The nationality of candidates does play a role in all international elections, but do not underplay that who they are (character, charisma, fame, scholarship, etc.) is equally (or maybe even more) important, especially for bodies like this where capacity to deliver and do the intellectual heavy work that being on the ILC entails is important (as opposed to say, the US being elected to the Human Rights Council).

I am quite certain that had the U.S. put forward one of its many international law heavy weights (you pick), the results would have been a tad better, maybe to the tipping point.
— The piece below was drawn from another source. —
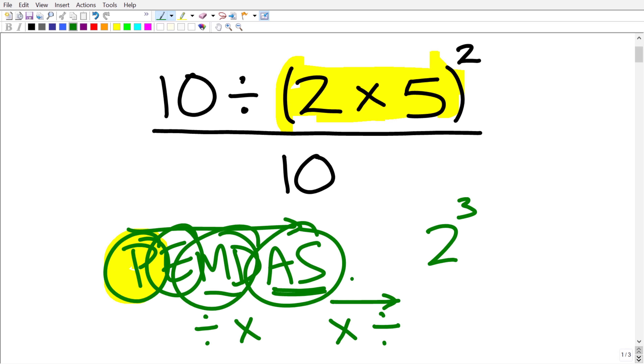Let's go ahead and walk through the steps, and we'll talk about how to deal with the fractions as we get into the problem. If you think you can do this, go ahead and pause the video and put your answer in the comment section. Now, remembering PEMDAS — do we have any parentheses? Yes, so we're going to handle 2 times 5 first.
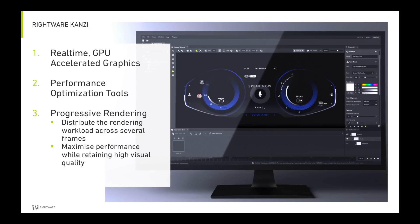Rightware Kanzi is the leading user interface solution for the automotive industry. With our real-time graphics engine and performance optimization tools, Kanzi enables you to create user interfaces with high-quality branded graphics that run great on any hardware platform. With our progressive rendering feature, it's now even easier to increase the performance of your user interface by allowing you to distribute your rendering across several frames.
Trust me: foreigners know very well how to distinguish between Americans and their government.

Cesare Romano
Cesare Romano

Maybe someone really wants to weaken the ILC. I am no conspiracy theorist, not prone to see sabotages, but it seems to me that this administration, and this ambassador at the UN, are surely not going out of their way to get the US in UN bodies. Perhaps they are trying to make the not-so-subtle point that “The UN does not like us, look they do not vote for our guys! hence we are right to shun it”?

Luckyly Buergenthal was reappointed at the ICJ a few years ago and will stay on well beyond the next elections, otherwise we would have another first in the UN history….

David Glazier

My colleague and good friend Cesare Romano is far more knowledgeable of the workings of international bodies such as the UN than I so I think his opinion on this issue merits more weight than my own. But doesn’t it also seem likely that given the U.S. failure to adhere to Kyoto, withdrawal from the ICC, willingness to depart from Geneva Convention provisions, and outspoken opposition to the application of international law in our courts, that the electors for this body might consider current U.S. participation to be inappropriate and have quite rationally favored the election of candidates from countries showing more respect for international law?

Cesare Romano
Cesare Romano

Your points and mine are not mutually exclusive.

Again, keep in mind that in elections of bodies like this nominees might be able to secure their own votes, besides those brought home by the government as result of diplomacy. Small countries manage to get elected a number of their own nationals larger than their diplomatic weight would suggest because of the personal factor. Often delegates vote not because they received specific instructions from home (that is the case of a lot of countries that do not have a well-developed ministry back home), but because they know (or think to know) the nominee and are impressed. In this regard, academic fame definitively plays a bigger role than a long record in the governmental service.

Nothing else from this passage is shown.